Creating and managing the society has taken the time and talents of many. Among the dozens who have played leading roles a number deserve special mention, including the Society’s Presidents, who have served three-year terms after my own (2006–2009): Kocku von Stuckrad, Laura Hobgood, Sarah Pike, Mark Peterson, Evan Berry, Lisa Sideris, and Lucas Johnston (from 2025). The editors who have contributed the most to the JSRNC during its initial two decades are Joseph A. P. Wilson, Mark Peterson, Kocku von Stuckrad, Kristina Tiedje, and four of my former graduate students: Robin Veldman, Luke Johnston, Joseph Witt, and Amanda Nichols. In addition to Johnston for his presidential role, Witt and Nichols deserve special recognition. As a long-term associate editor of the journal, Witt took on Editor-in-Chief responsibilities in 2025 (relieving me of those responsibilities, which included the start-up time I had assumed for 20 years). Nichols not only has served as the journal’s Managing Editor since 2019 but she has done more to keep the society moving forward over the last decade than any other individual, including by playing a central role in organizing all of its conferences since 2016. Chris Crews has also been indispensable: in the mid-2010s he took over managing the society’s digital infrastructure—including creating and maintaining a more user-friendly website—and working hand in glove with Nichols in organizing the society’s conferences since 2017.
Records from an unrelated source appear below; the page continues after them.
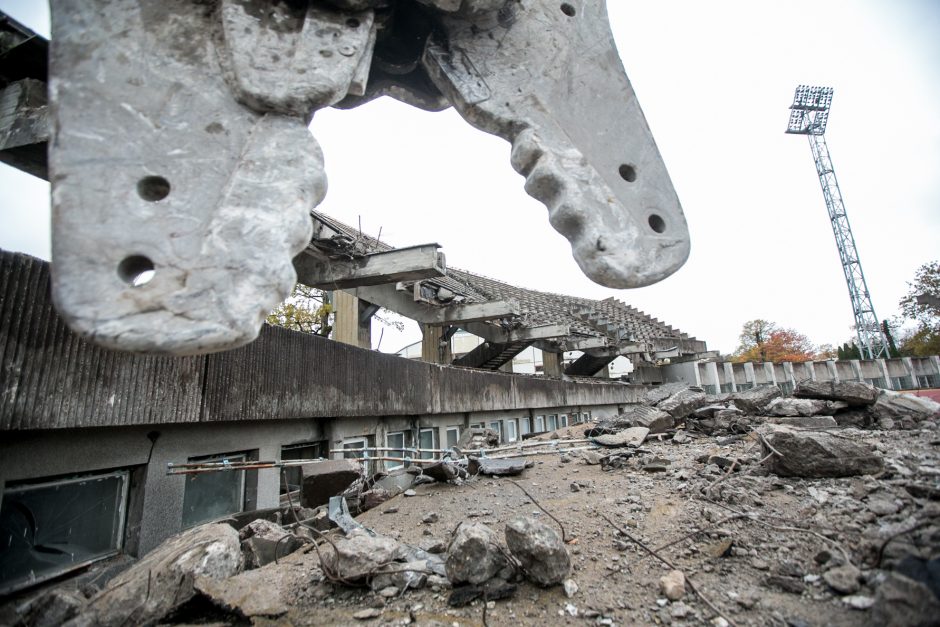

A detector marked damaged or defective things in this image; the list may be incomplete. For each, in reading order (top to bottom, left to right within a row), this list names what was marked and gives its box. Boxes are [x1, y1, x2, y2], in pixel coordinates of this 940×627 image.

broken window [182, 454, 244, 528]
broken window [280, 442, 324, 496]
broken window [418, 426, 436, 462]
broken window [0, 472, 129, 592] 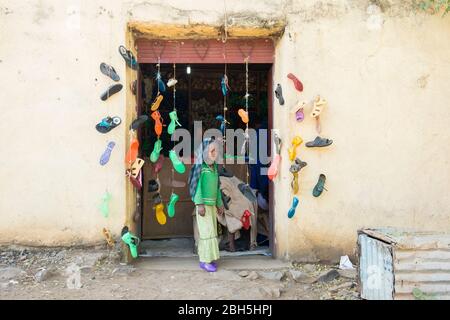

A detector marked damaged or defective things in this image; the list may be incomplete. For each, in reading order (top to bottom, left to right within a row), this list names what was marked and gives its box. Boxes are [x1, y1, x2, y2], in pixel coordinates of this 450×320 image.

rusty shutter [135, 38, 274, 63]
Looking back, what is striking about the origins of the ISSRNC is how organically the society emerged. A desire to have more scholarly discussion beyond traditional disciplinary boundaries helped to motivate the creation of a reference work, which both revealed and began assembling a large, interdisciplinary community, leading in turn to a small planning meeting and the inaugural conference that confirmed our working hypothesis that there was a need to create habitat for scholarly cross-fertilization and a publishing venue for envisioned investigations.
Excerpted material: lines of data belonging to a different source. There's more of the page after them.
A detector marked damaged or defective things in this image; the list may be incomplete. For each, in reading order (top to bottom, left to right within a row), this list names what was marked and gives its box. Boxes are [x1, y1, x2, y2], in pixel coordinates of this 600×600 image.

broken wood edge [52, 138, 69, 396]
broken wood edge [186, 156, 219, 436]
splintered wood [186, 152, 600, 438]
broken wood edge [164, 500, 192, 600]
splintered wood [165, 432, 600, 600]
Ultimately, the ISSRNC and JSRNC grew out of collaboration, conversation, and a shared recognition that scholars studying religion, culture, and the natural world needed institutions capable of sustaining those conversations. What began as scattered scholarly inquiries has now coalesced into a recognizable field—a development that is deeply gratifying for those who helped bring the society and journal into existence. As the ISSRNC and the JSRNC enter their third decade, I fully expect that the conversations and collaborations we produce will generate new insights about the complex relationships among the affective and spiritual dimensions of human experience and Earth’s living systems.

I wrote a more detailed account of the origins and accomplishments of the society and the journal when I passed the Editor-in-Chief responsibilities to Joe Witt; see the open-access article, The Future and Foundation of the Journal for the Study of Religion, Nature and Culture, JSRNC 19.1 (2025) 5–14.

This blog post is the first in a series about the history of the ISSRNC. In preparation for the ISSRNC’s 20th-anniversary conference in Venice in October 2026, all of the association’s former presidents will share their experiences and insights.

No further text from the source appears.